An example of a calibration for lithium is shown in Figure 1. Bulk analyzed rhyolitic and basaltic glasses and two clinopyroxenes are shown. The 7Li+/30Si+ ion ratio was measured using ions with 75±20 eV excess kinetic energy (conventional energy filtering). A least squares regression is shown (forced through the origin). As discussed by Decitre et al. (2002), it does not appear that there is a strong effect of changing sample chemistry on the Li ion yield.
Possible pitfalls with Li analysis by SIMS
Earlier work has documented that Li isotope ratios can also be determined by SIMS on olivine, pyroxene, amphibole, and basaltic glass, and that any matrix effects for these analyses were not detectable (Decitre et al., 2002). However, we are aware of some issues that affect the quality of Li analyses and we describe them below.
The first item we worry about when attacking an analytical problem by SIMS is if there are other species at the same nominal mass/charge ratio as the isotopes of Li. Potential interfering species include 24Mg4+ and 12C2+ on 6Li+, and 28Si4+ and 6LiH+ on 7Li+. A high-resolution mass spectrum obtained on a water-saturated rhyolitic glass quenched from 500MPa (from Hervig et al., 2002, AGU abstract) is shown on Figure 2 below.
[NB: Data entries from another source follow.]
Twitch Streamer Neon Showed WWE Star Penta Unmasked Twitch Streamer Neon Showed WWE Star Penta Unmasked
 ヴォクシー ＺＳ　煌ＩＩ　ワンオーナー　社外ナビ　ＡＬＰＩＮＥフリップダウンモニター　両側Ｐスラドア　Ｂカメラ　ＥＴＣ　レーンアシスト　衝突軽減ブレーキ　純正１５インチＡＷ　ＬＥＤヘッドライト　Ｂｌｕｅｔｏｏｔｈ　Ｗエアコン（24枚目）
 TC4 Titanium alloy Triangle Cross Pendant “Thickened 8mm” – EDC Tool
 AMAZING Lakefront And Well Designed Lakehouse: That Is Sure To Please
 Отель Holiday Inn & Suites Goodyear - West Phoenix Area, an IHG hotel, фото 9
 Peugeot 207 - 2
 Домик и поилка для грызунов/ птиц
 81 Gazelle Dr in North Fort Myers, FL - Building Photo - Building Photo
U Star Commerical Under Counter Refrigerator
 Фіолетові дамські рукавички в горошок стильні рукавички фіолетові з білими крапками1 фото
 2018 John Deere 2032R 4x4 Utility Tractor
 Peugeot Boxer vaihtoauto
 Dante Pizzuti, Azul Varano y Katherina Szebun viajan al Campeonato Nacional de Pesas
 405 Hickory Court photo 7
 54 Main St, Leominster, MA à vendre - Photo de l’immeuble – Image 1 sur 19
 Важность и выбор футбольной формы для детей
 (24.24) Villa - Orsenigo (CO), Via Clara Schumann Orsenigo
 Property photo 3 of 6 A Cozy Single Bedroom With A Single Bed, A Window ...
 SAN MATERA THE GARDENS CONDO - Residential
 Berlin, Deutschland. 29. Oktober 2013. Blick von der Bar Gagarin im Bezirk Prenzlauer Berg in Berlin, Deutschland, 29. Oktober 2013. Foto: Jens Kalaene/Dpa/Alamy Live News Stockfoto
We observe no sign of either 28Si4+ (simply because it is so much lighter in mass than 7Li) or 6LiH+ near 7Li+. Similarly, no interfering peaks were observed near 6Li+. We have not observed the 6LiH+ species in any matrix we have studied (as of the end of 2006).
Primary Beam Current
While studying the rhyolitic glass shown in Fig. 2, we noted a dramatic effect of primary beam current (16O- primary beam accelerated to 12.5kV with an impact energy at the sample of 17 keV) on the Li+ ion signal. This is shown on Fig. 3, where the beam current was increased from 0.1 to nearly 2 nA on the hydrous glass and the natural (~0.2 wt.% H2O) starting material. Note that the Li+/Si+ ratio decreased by a factor of ~5 as the primary current increased. The starting material is not strongly affected by the changing beam current, indicating that the high water content of this sample (>10 wt.%) influences the stability of the Li ion signal. At the same range of conditions, the Li isotope ratios were measured on this sample. Increasing the primary current changed the measured 7Li+/6Li+ ratio by ~ 65 ‰ while, again, the nearly dry, glassy starting material is not strongly affected by changes in primary beam current.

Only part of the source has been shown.